NEWARK, N.J. — A man accused of posting a broad online threat last week that spurred heightened security at Jewish synagogues and schools in New Jersey is now facing charges, federal prosecutors announced Thursday.

Omar Alkattoul, 18, of Sayreville, is charged with transmitting a threat in interstate and foreign commerce and was scheduled to make his initial court appearance in Newark on Thursday afternoon, where he will be represented by a federal public defender. That office generally does not comment on cases.

Alkattoul used a social media app on Nov. 1 to send a link to a document entitled "When Swords Collide," according to prosecutors, and he admitted to the person he sent it to that he wrote the document, stating: "It's in the context of an attack on Jews." According to the second individual, Alkattoul also sent the document to at least five other people using another social media application.

The FBI issued a statewide alert on Nov. 3 and announced a suspect had been identified the next day, but they did not identify him at that time. The warning prompted some municipalities across the state to send extra police officers to guard houses of worship and schools.

Alkattoul allegedly discussed his plan to kill as "an act of revenge" for the death of Muslims, authorities said. They have previously said they did not believe he had the means or motive to carry out any specific attack.
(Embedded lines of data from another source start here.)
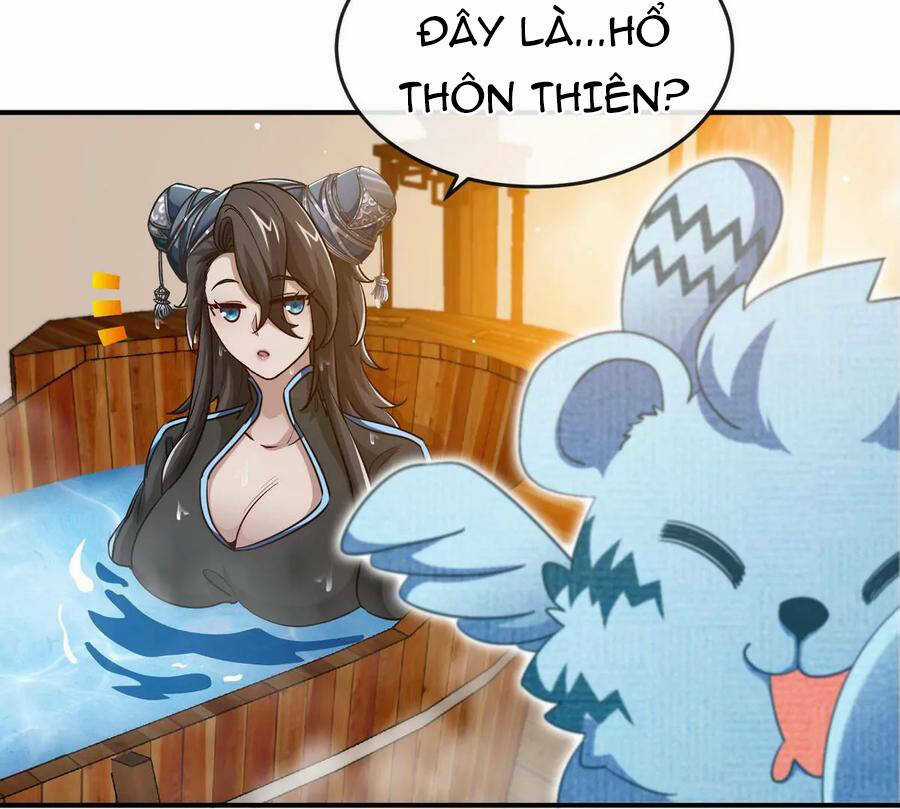 Bản Kiếm Tiên Tuyệt Không Làm Nô Chapter 54 trang 19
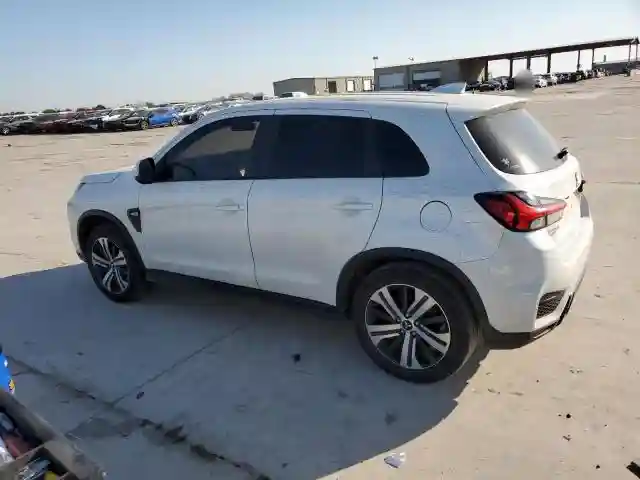 JA4AP3AU8LU016571 2020 MITSUBISHI OUTLANDER-1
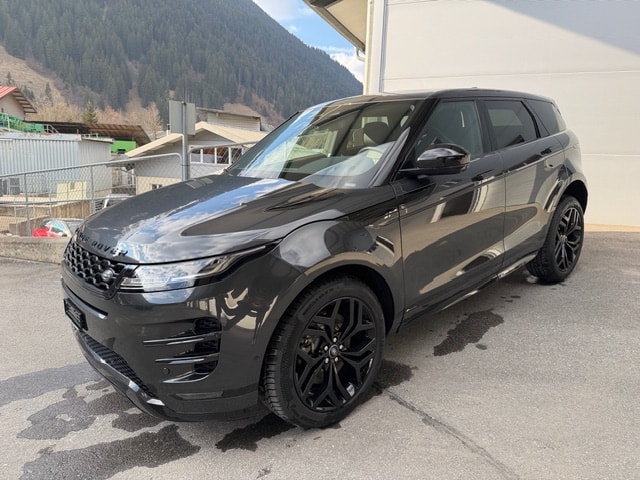 LAND ROVER Range Rover Evoque R-Dynamic P 200 SE AT9-image-0
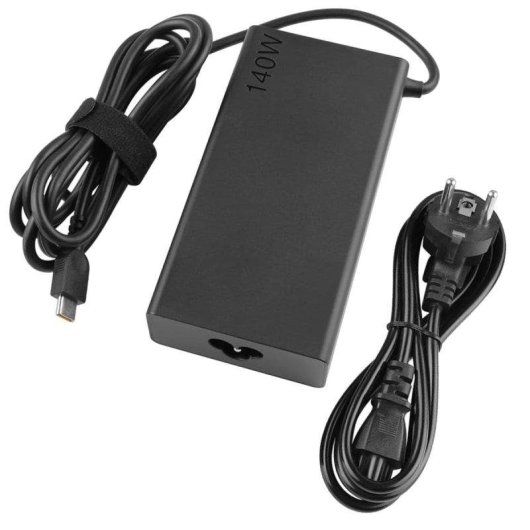 Cargador USB-C 140W Klack para Portátiles Lenovo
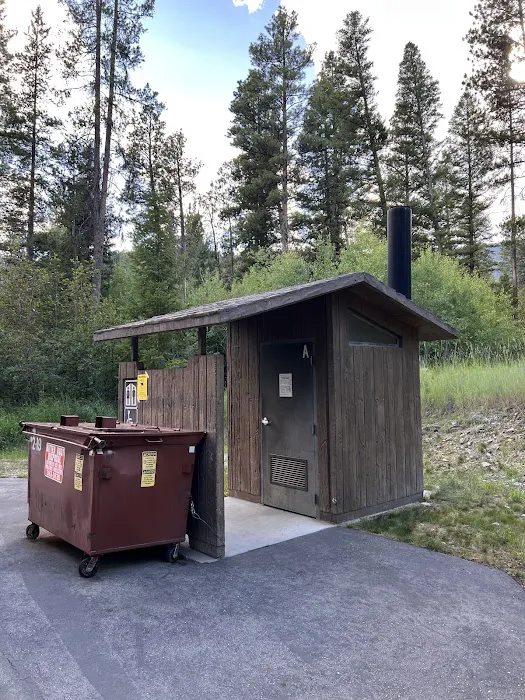 Indian Trees Campground Picture 1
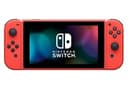 Nintendo Switch Mario Red And Blue Edition - Excellent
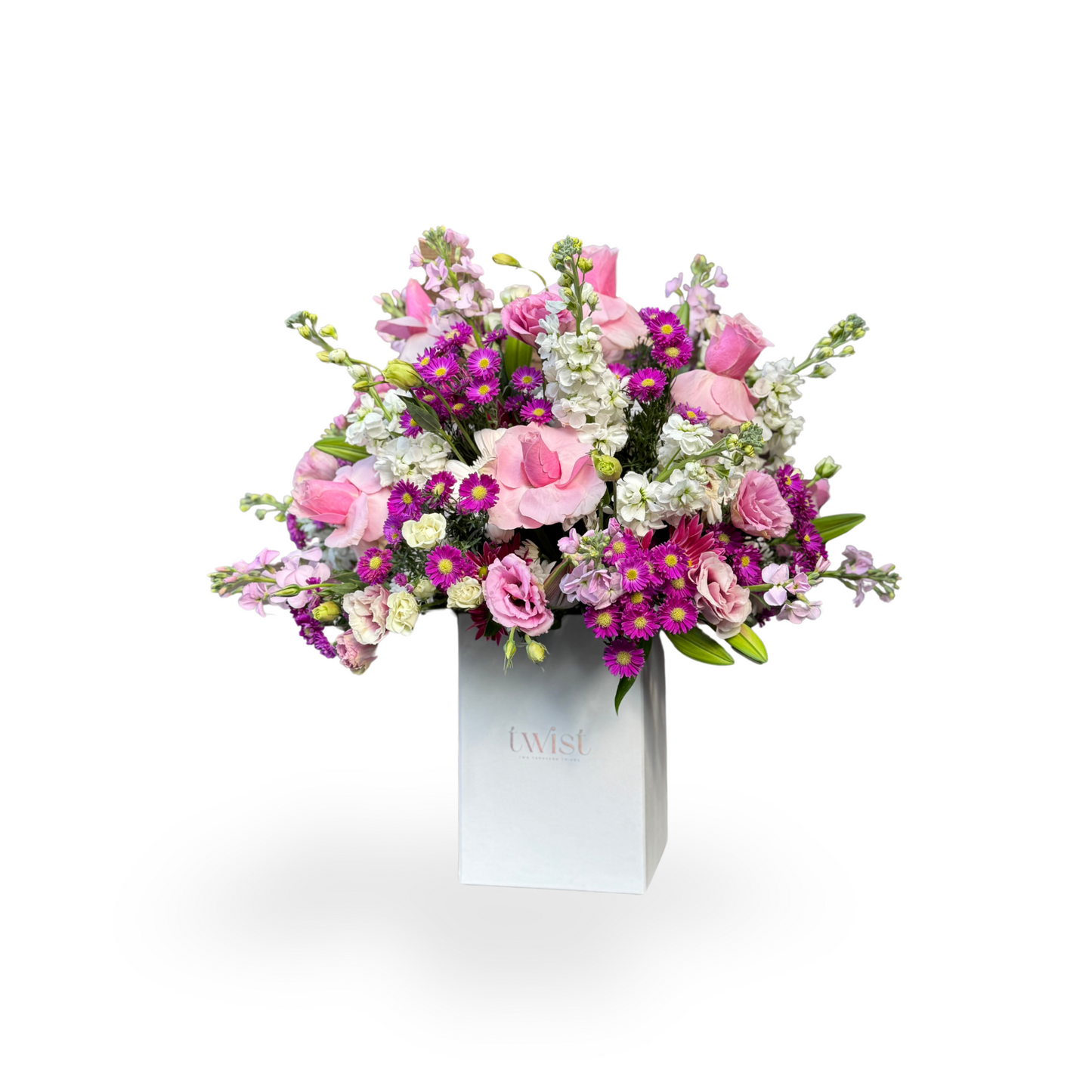 Poppin’ Petals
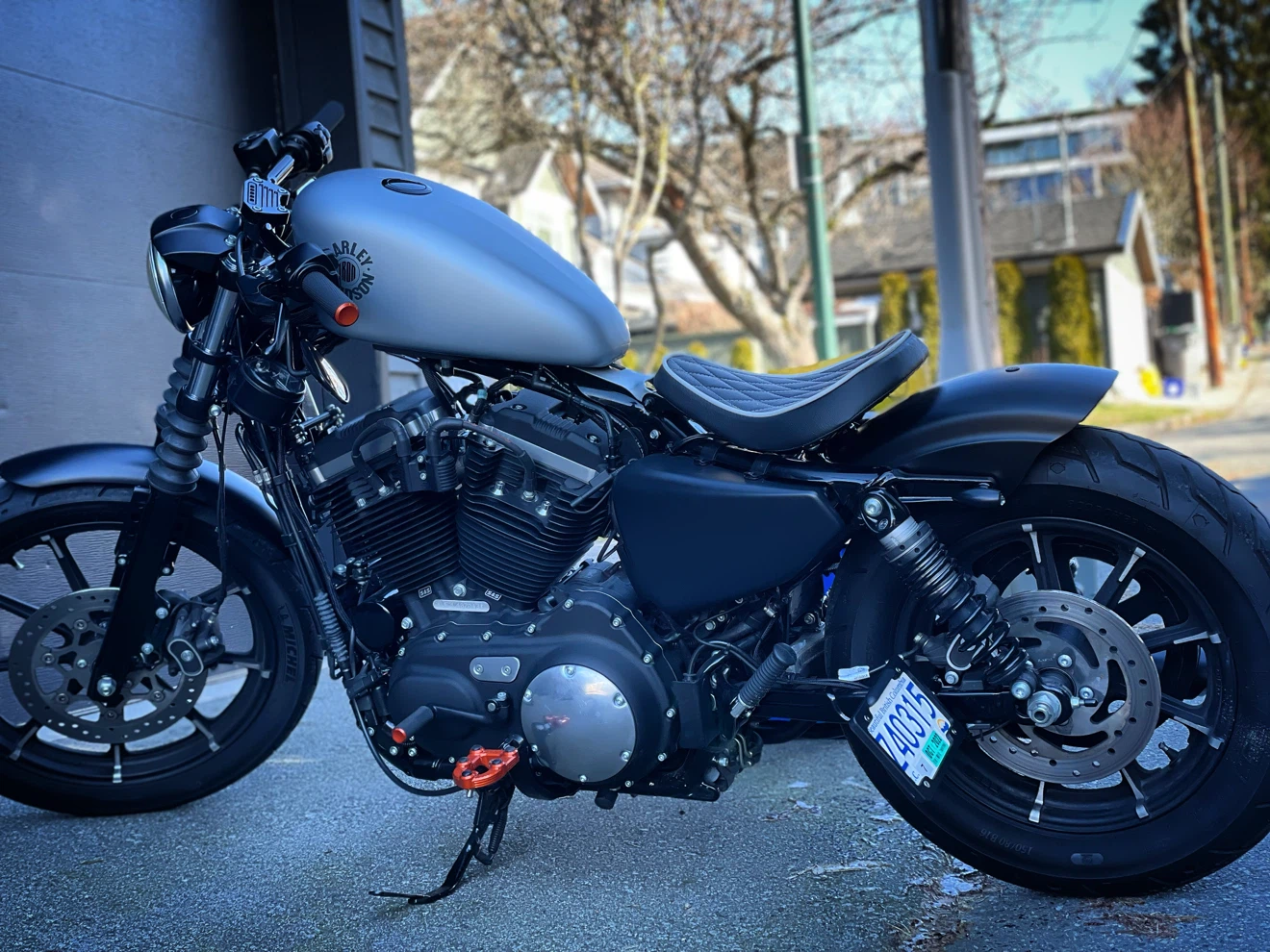 2020 Harley-Davidson Sportster Motorcycle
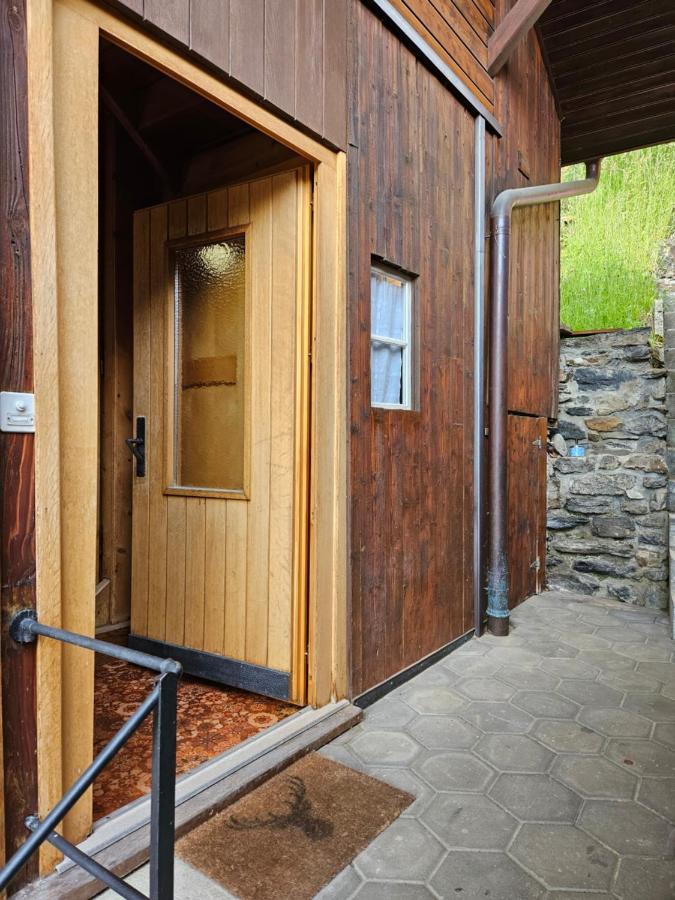 Chalet Aargovia South Wengen Extérieur photo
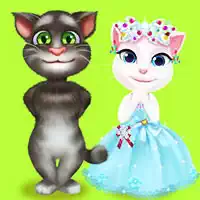 Talking Tom Gato Diseñador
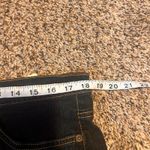 Gloria Vanderbilt Giselle Womens Flare Jeans Size 16 Dark Wash Made Madagascar Photo 3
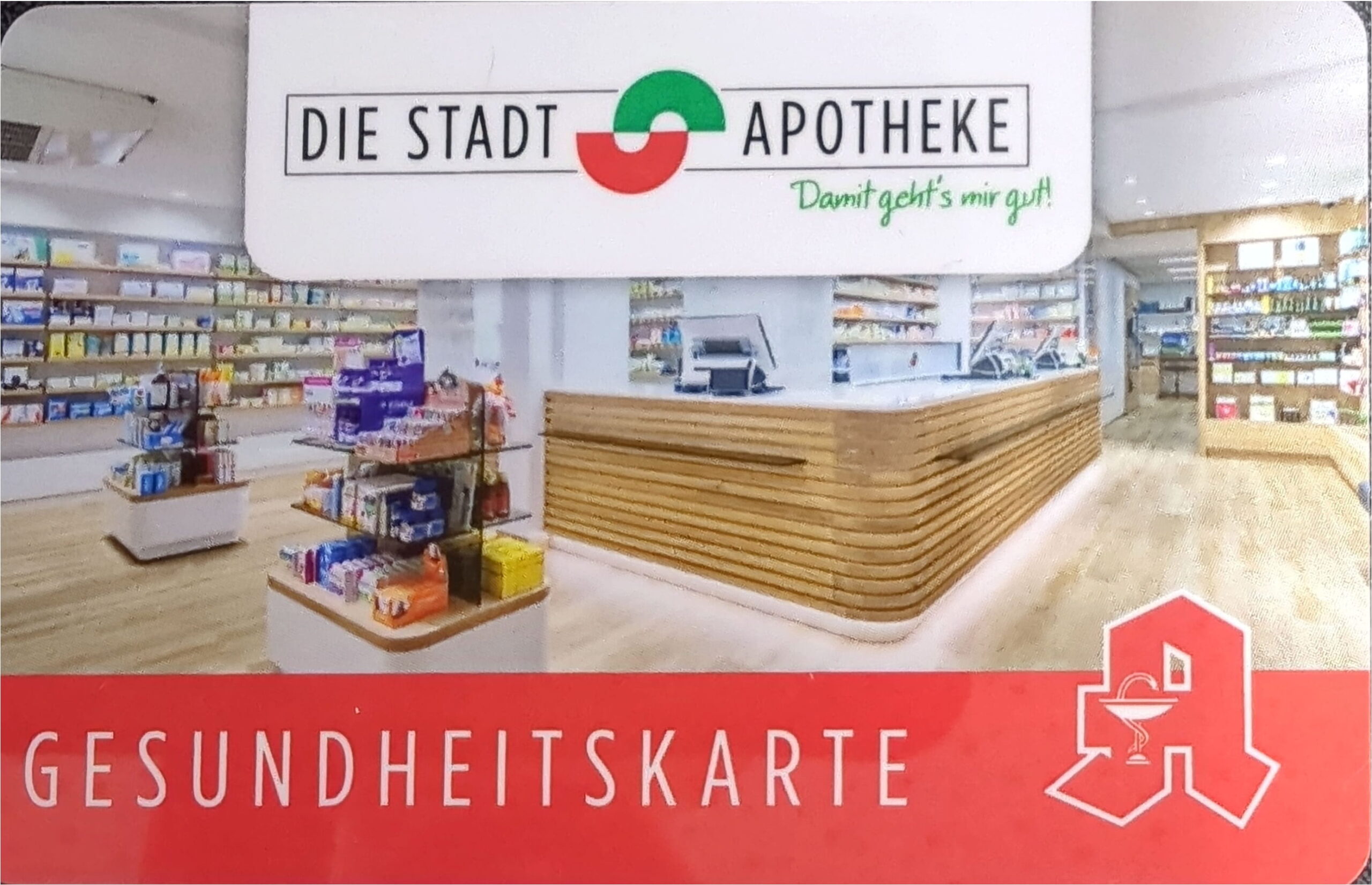 Gesundheitskarte-Stadt-Apotheke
He could face up to five years in prison if convicted of the charge he faces.

Public warnings about nonspecific threats against Jewish institutions, made by groups including Christian supremacists and Islamist extremists, aren't unusual in the New York City area, and many turn out to be false alarms.

But the area has also seen deadly attacks, including the firebombings of two synagogues and an attack on a rabbi's home in 2012, a fatal stabbing at a Hanukkah celebration in 2019, and a shooting in 2019 that killed three people in a kosher market and a police officer.

Outside the New York City region, the massacre that killed 11 people at the Tree of Life synagogue in Pittsburgh four years ago left an indelible mark.